[Data — start]
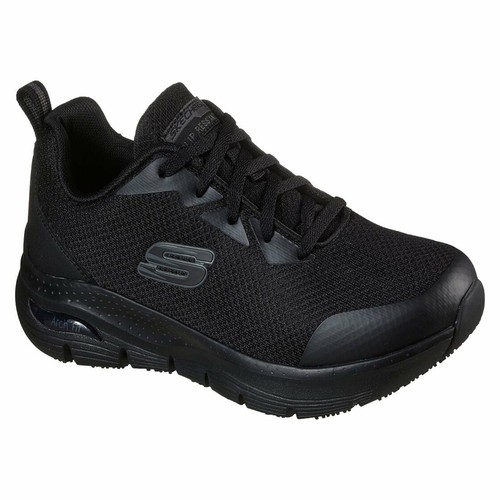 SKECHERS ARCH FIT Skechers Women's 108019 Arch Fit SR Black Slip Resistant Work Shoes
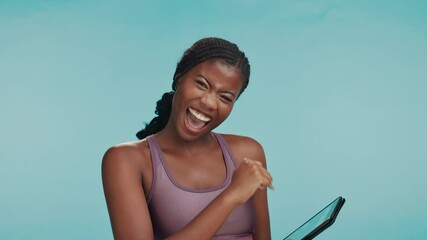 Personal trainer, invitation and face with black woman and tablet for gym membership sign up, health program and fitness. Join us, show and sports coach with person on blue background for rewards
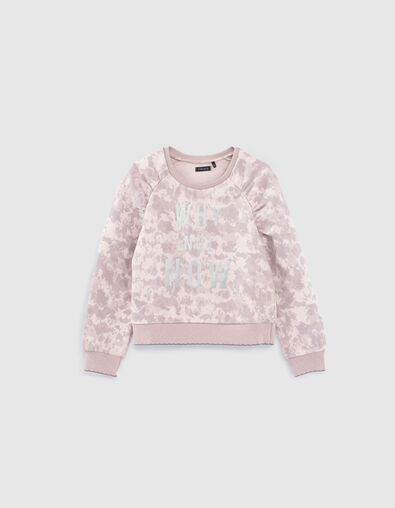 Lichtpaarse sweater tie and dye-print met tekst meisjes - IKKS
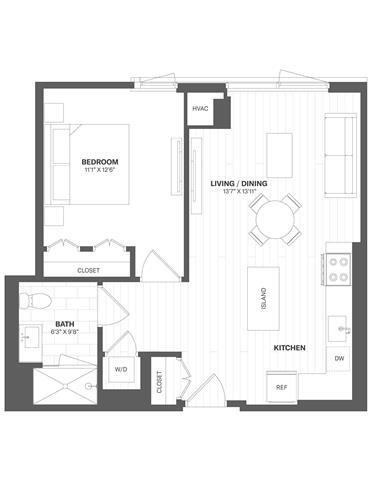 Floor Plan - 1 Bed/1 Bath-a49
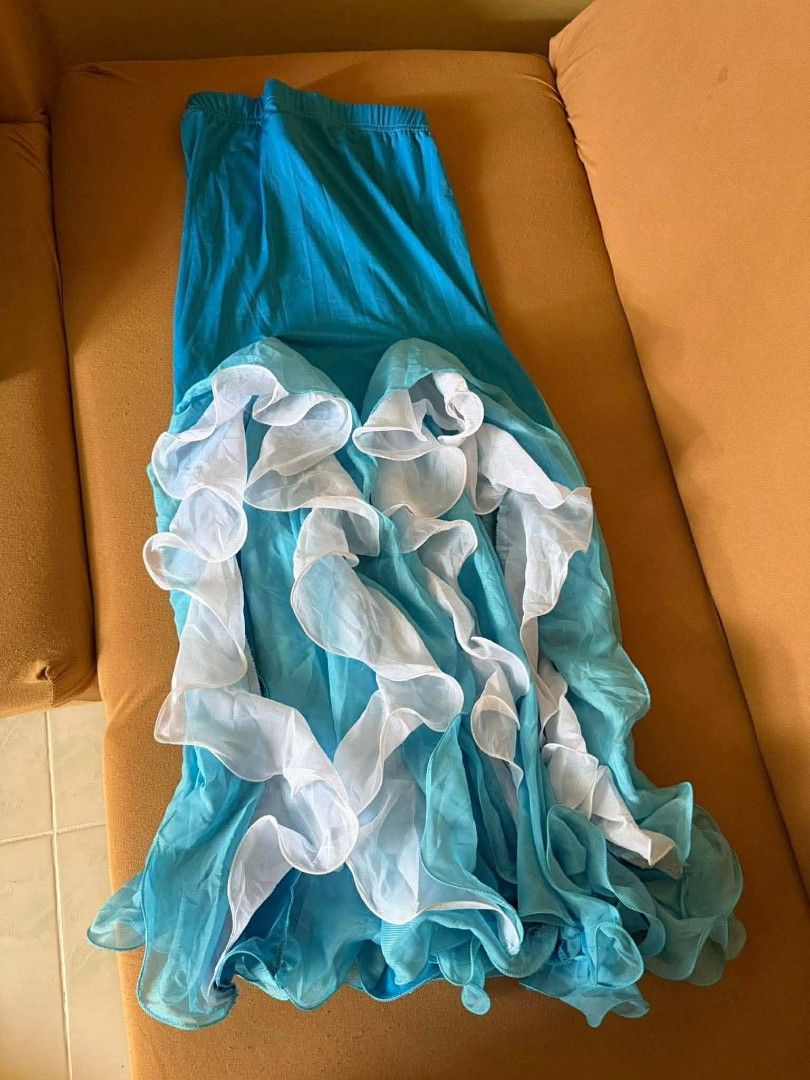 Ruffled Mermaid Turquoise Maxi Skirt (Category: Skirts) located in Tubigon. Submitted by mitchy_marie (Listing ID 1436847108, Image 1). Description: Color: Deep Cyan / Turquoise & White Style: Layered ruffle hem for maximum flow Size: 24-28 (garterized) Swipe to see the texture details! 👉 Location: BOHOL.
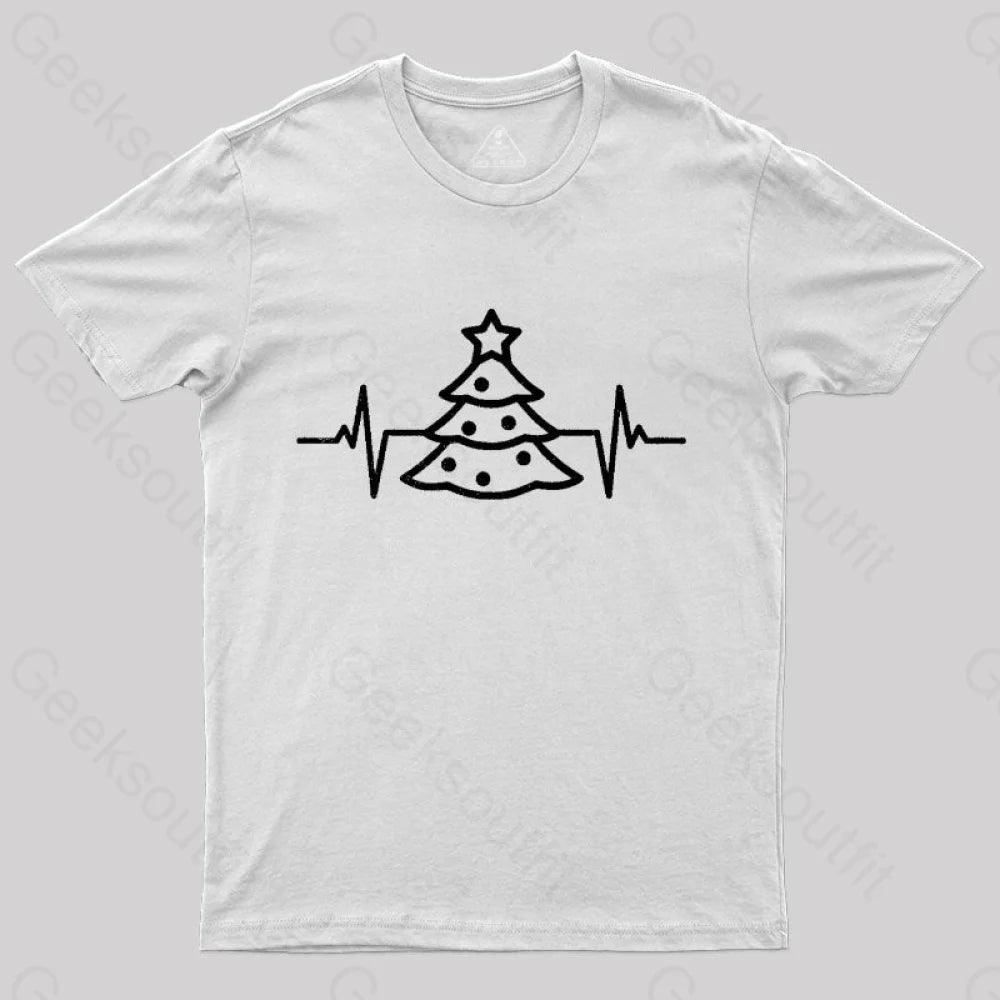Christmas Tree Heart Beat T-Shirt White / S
[Data — finish]
### Exercise:
At the line containing "Ruffled Mermaid Turquoise", begin reproducing the entries word for word, and continue through their last line. Leave out the pictures.

### Response area:
 Ruffled Mermaid Turquoise Maxi Skirt (Category: Skirts) located in Tubigon. Submitted by mitchy_marie (Listing ID 1436847108, Image 1). Description: Color: Deep Cyan / Turquoise & White Style: Layered ruffle hem for maximum flow Size: 24-28 (garterized) Swipe to see the texture details! 👉 Location: BOHOL.
Christmas Tree Heart Beat T-Shirt White / S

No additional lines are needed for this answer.